City facing grim budget choices
Jeremy M. Lazarus | 3/11/2016, 11:13 a.m.
Parking at a Downtown meter could soon be more expensive. So could the annual city fee to register a vehicle and the cost of trash collection.
Those are some of the fee increases Richmond Mayor Dwight C. Jones is proposing in the $709 million spending plan for fiscal year 2017 that begins July 1.
He presented the plan last Friday to Richmond City Council. It would be up to the council to approve the fee increases as part of its work on the budget.
According to the mayor, the fee increases are needed to help the city cover the cost of services and pay city employees.
During his first seven years in office, Mayor Jones repeatedly has told city residents that he was “positioning the city for growth,” which he considered the best way to generate the revenue to allow increases in spending for public education, to replace or overhaul decaying school buildings and meet other pressing needs.
In a city still recovering from the Great Recession, where one in four residents and 40 percent of children live in poverty and where one-third of workers earn less than $25,000 a year, Mayor Jones’ mantra has been, “We cannot tax our way out, we cannot cut our way out.” Instead, he said, the city must encourage the creation and expansion of tax-generating businesses.

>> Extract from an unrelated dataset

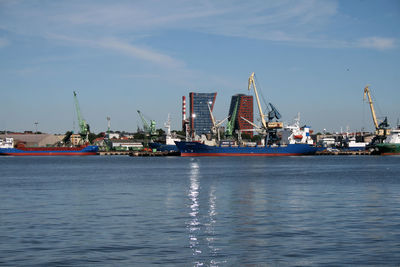 Scenic view of harbor against sky in city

But now in his eighth and final year, the mayor is acknowledging that the growth strategies he has tried have yet to generate the substantial revenue returns the city needs — even with all the construction and population growth.
In the budget message he delivered to City Council, he focused on strategies to close a potential $9 million gap between spending and revenue, ruling out any increases in spending for public education or wage increases for most city workers.
He called it a continuation of the problem he has faced since taking office — the need “to write budgets with limited local revenue, declining state dollars and rising needs. Our dollars are limited, and any new ones must come from somewhere.”
Instead of tax increases, he urged council to cut city spending and impose modest increases in a few fees. That, he said, would generate the revenue needed to support the proposed budget — an $80 million increase from the first budget he presented after taking office in 2009, at a time when the recession caused shrinking revenue.
The proposed 2017 budget represents a $20 million increase from the current year’s $689 million general fund spending plan, or 2.9 percent.
According to the budget plan, the city expects to generate about $11 million in new tax revenue in 2017. To get to $20 million, the mayor called for increasing the fee for refuse collection and recycling from $17.50 a month to $20 a month. The cost of metered parking would rise from 75 cents an hour to $1.25 an hour. The fee on jail inmates would increase from $1 a day to $2 a day. And the annual vehicle registration fee for cars would rise from $23 a year to $40.75 a year, with a similar hike imposed on pickups and larger trucks.
He also called on the council to approve a 12 percent cut in discretionary spending for most departments, essentially a reduction in the money that is not earmarked to pay wages or cover the cost of contracted goods and services. Public schools and GRTC would be exempt, along with a few other critical departments.
In addition, he wants the council to approve a 25 percent cut in the city’s spending with charities.
“All of these changes,” he said, are needed to support the decision that the council made last year to redirect $9 million in the current budget and $9 million in the proposed 2017 budget from city operations to the public schools.
But that does not add any new money, he said, to meet the school system’s request for an additional $18 million in city funding for its operations.
To provide that additional money could mean “26 days of furloughs for city workers or laying off 400 city employees. I chose not to take those actions because they are bad ideas,” he said. Richmond School Board members were disappointed.
Mayor Jones said he would ask council to put an advisory referendum on the November ballot after the governing body completes its budget work.
The referendum would allow voters to decide whether to raise city property taxes by 1 to 3 cents to provide more funding for city schools. Each penny increase would raise $1.75 million. The city’s property tax has stood at $1.20 per $100 of assessed value since 2009.
The mayor also is aware of the need to provide money to upgrade school facilities. To gain some of the money, he said he will ask the council to divert 20 percent of new revenues from rising property values to put toward schools construction.
In his message, he also outlined his strategy for eliminating a looming $12 million deficit in the current budget, including a hiring freeze on “all non-critical positions through June 30,” and a limit on discretionary spending.
He also would seek approval from the council to use $3 million in savings to cover the costs from the recent “extreme weather.”
The mayor believes with this final budget proposal before he leaves office in December, “we’ve set a clear course for an even brighter future. The choices we make will shape the future of the city.”